My goal is to avoid sensitive data being accidentally transmitted to Cursor (e.g. if Privacy mode is off).
I feel the .cursorban the Cursor team is considering would be a band-aid. Instead, I propose access to .gitignore-d or .cursorignore-d files be strictly respected. Implementing UI to explicitly override inaccessibility of those files could be acceptable. Allowing “recently viewed” files seems vague and implicit.
I definitely hear this… the counter-argument is that it does harm performance by restricting access to auto-generated code files (like TS headers generated from protobuf) which are really useful for getting things right. It takes a lot of the magic out of it. Additionally the case of the agent, setting up and modifying an .env file is a pretty standard agent workflow.
However, risking the leak of an env file is an extremely big deal.
How would you feel about us auto-banning .env* and a set of other sensitive files (.pem, etc) while we figure out a better solution?
I love the magic. Composer “agent” mode is exciting. I just really don’t want new devs accidentally sending credentials to various third-party servers whether those servers store those cred’s or not (“Privacy mode”).
Such a setting sounds good!
Where could this new setting live? Maybe a new section “Privacy & Security” (to which “Privacy mode” might move).
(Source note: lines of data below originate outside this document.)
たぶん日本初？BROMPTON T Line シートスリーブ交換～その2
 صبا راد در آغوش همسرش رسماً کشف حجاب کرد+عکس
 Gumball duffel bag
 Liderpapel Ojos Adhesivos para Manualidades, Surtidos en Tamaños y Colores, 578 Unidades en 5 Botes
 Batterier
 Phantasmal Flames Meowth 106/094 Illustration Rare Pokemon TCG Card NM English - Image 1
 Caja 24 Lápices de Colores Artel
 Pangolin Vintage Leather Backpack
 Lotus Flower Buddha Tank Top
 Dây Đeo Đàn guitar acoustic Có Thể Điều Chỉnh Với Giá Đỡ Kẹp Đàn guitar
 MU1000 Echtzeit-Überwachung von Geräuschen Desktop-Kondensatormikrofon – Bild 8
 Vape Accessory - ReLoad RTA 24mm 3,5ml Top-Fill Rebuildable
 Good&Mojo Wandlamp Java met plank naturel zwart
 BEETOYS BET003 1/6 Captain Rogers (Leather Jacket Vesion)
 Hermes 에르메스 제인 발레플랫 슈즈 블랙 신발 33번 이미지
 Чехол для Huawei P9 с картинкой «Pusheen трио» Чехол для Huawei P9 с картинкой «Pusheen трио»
Just having such a section might further highlight Cursor’s dedication to this aspect of the software.[1]
Where would “sensitive files” be defined? I guess a webpage, because I assume neither help text nor tooltip would be adequate to list all entries.
Is “recently viewed” defined anywhere? [Is it whatever VS Code’s logic is for recently opened?]
“Privacy mode”, and the choice of it in onboarding, is what made me feel good about trying Cursor. ↩︎
We sometimes have files under a .secrets folder in our repositories.
We similarly would like to prevent any of those files from being looked at by Cursor AI.
We also have folders where we have the data of our users.
In addition to automatically not touching some common default set of files, we would like to also be able to ban particular folders that contain sensitive data.
.cursorignore Use Case & Caveat
One can commit .cursorignore to a repository, to manage that repository, which allows repository-level control like .gitignore could. Drawback: this is an IDE-specific config. It is preferable to commit config files that all IDE’s can respect i.e. a standard; but AI-IDE–integration is probably not there yet.